Input:
=== Begin Enclosure ===

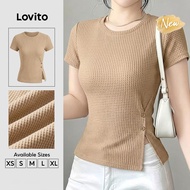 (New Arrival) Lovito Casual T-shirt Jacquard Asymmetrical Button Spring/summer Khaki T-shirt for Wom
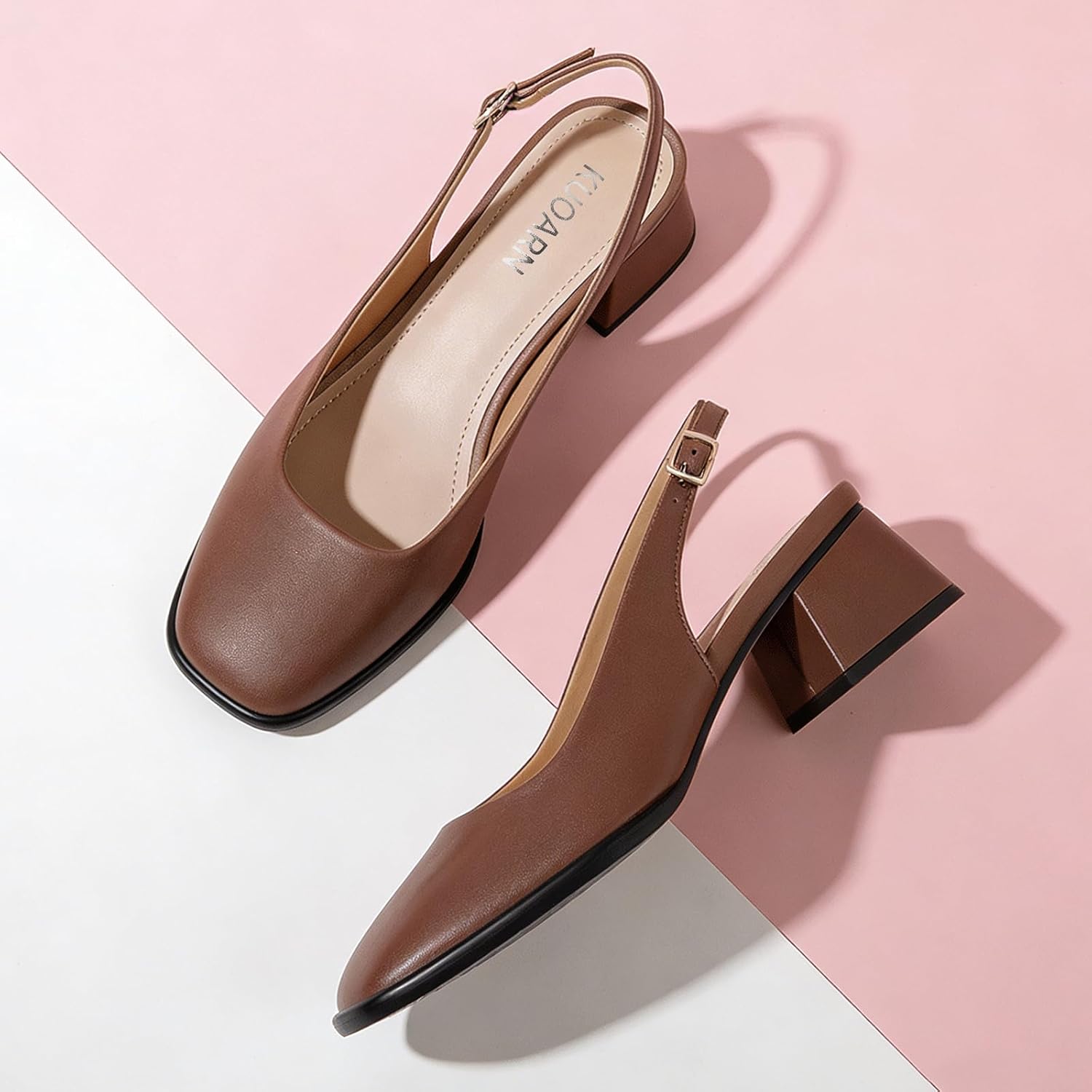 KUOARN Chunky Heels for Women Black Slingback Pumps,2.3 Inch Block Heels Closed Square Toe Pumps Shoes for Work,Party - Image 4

=== End Enclosure ===
=== Begin Enclosure ===

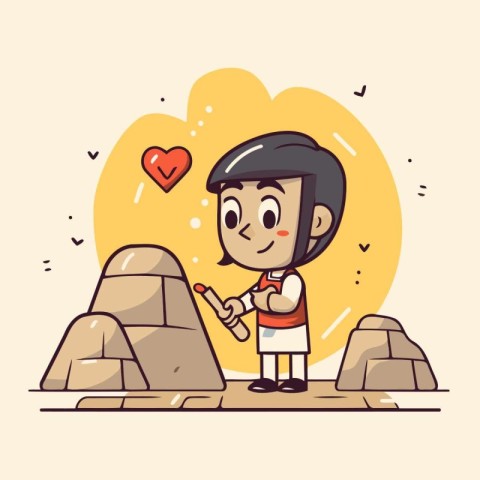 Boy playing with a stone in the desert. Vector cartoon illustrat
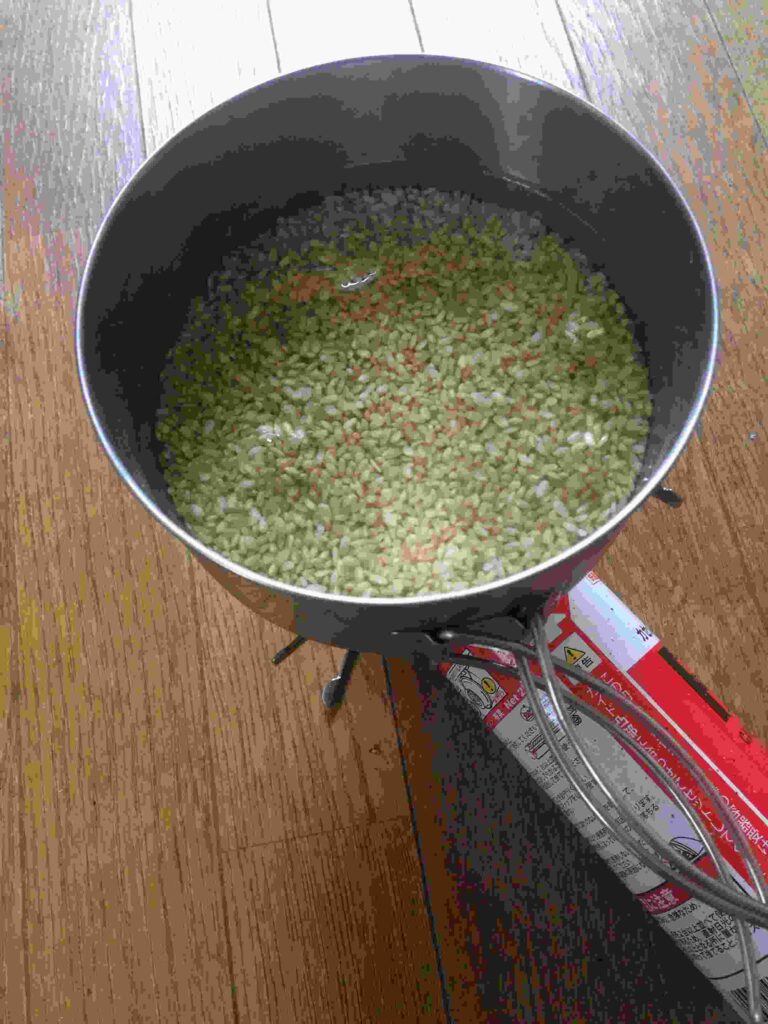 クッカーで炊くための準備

=== End Enclosure ===
=== Begin Enclosure ===

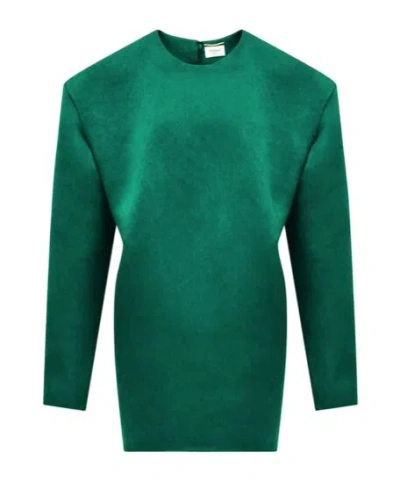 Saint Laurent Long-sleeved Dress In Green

=== End Enclosure ===

What you need to do:
With the pictures omitted, print the lines above exactly, beginning at the line with "(New Arrival) Lovito" and going on through the line with "KUOARN Chunky Heels".

Result for this task:
 (New Arrival) Lovito Casual T-shirt Jacquard Asymmetrical Button Spring/summer Khaki T-shirt for Wom
 KUOARN Chunky Heels for Women Black Slingback Pumps,2.3 Inch Block Heels Closed Square Toe Pumps Shoes for Work,Party - Image 4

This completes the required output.